I will do some tests and report back.

vnijs commented 9 years ago

@smartinsightsfromdata, @timelyportfolio, @jcizel

In the DT package all processing of data can be done on the server-side, e.g., with dplyr, so there is no real reason it couldn't handle millions of rows of 'raw' data. A cross-table with more than a few rows-columns is not all that useful anyway so having the 'work' done on the server-side might be the way to go.

For me the most interesting part of pivottable.js is the drag and drop interface for variable selection and the button pop-ups to select and filter levels, attributes, etc. Is it feasible to push the unique levels for a variable into the pivottable buttons? I guess my question is if the variable drag-and-drop and pop-up filter functionality in pivottable.js could be used as an interface for DT, ggvis, etc.?

smartinsightsfromdata commented 9 years ago

@mostly-harmless these "widgets" or UI elements are intrinsically part of pivottable (moreover originally developed in coffee script etc.). You may ask rstudio if they have similar drag&drop widgets in the shiny roadmap...

timelyportfolio commented 9 years ago

I agree this functionality would be awesome and really cool. However a dplyr GUI will unfortunately be way beyond the scope of this humble little widget. To get that, we'll need to start from the ground up.

Unrelated, but for my own education, what field are you working in where you'll be analyzing this massive data?

Hope you'll still try out the improving-as-we-speak rpivotTable widget and help us test it and iterate it to something useful.

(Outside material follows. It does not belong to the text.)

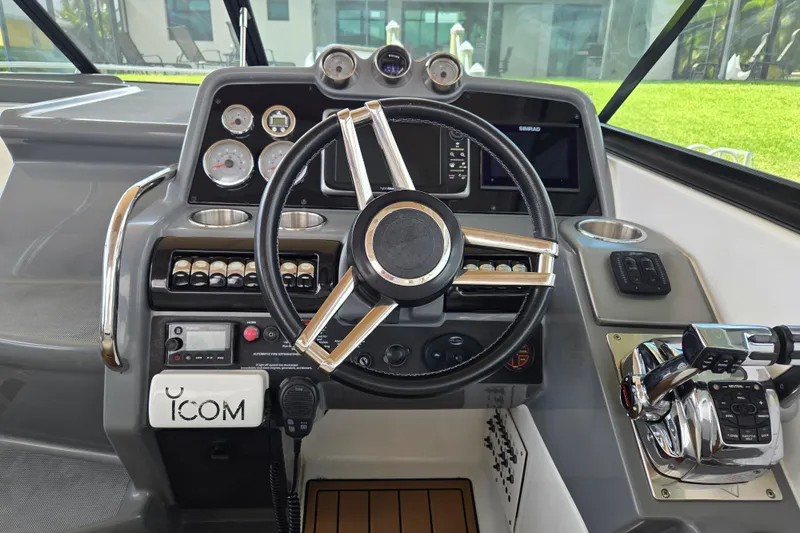 Slide: The Image of Steering console of a 2013 Formula 310 Sun Sport boat with modern controls. - 40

vnijs commented 9 years ago

I actually think I have a chunk of the code needed for that in bits-and-pieces already. The thing I definitely don’t have is the js components or the js skills to make/bind them. I could get started with a set of selectize inputs (i.e., column, row, and level/range selection) and tie-in DT. Then perhaps a nicer drag-and-drop UI could be added afterwards. Sound interesting?

timelyportfolio commented 9 years ago

As an example with "bigger-ish" data, you can try this

data(diamonds,package="ggplot2")
rpivotTable(diamonds)

Yes, very interested in what you are talking about.

vnijs commented 9 years ago

That actually works very smoothly. I will try-out rpivottable in a shiny app.

I will try to put something dplyr based together next week.

— Sent from Mailbox

On Fri, Feb 6, 2015 at 11:46 AM, timelyportfolio notifications@github.com wrote:

As an example with "bigger-ish" data, you can try this

data(diamonds,package="ggplot2")
rpivotTable(diamonds)

Yes, very interested in what you are talking about.

Reply to this email directly or view it on GitHub: https://github.com/timelyportfolio/buildingwidgets/issues/18#issuecomment-73300253

vnijs commented 9 years ago

@timelyportfolio Took me a bit longer than expected but I finally put together a dplyr based pivot table using DT. See link below (pivot tab). Code here. Comments and suggestions welcome.

http://vnijs.rady.ucsd.edu:3838/marketing/?SSUID=a848c322dd

timelyportfolio commented 9 years ago

now that is slick! Thanks for sharing.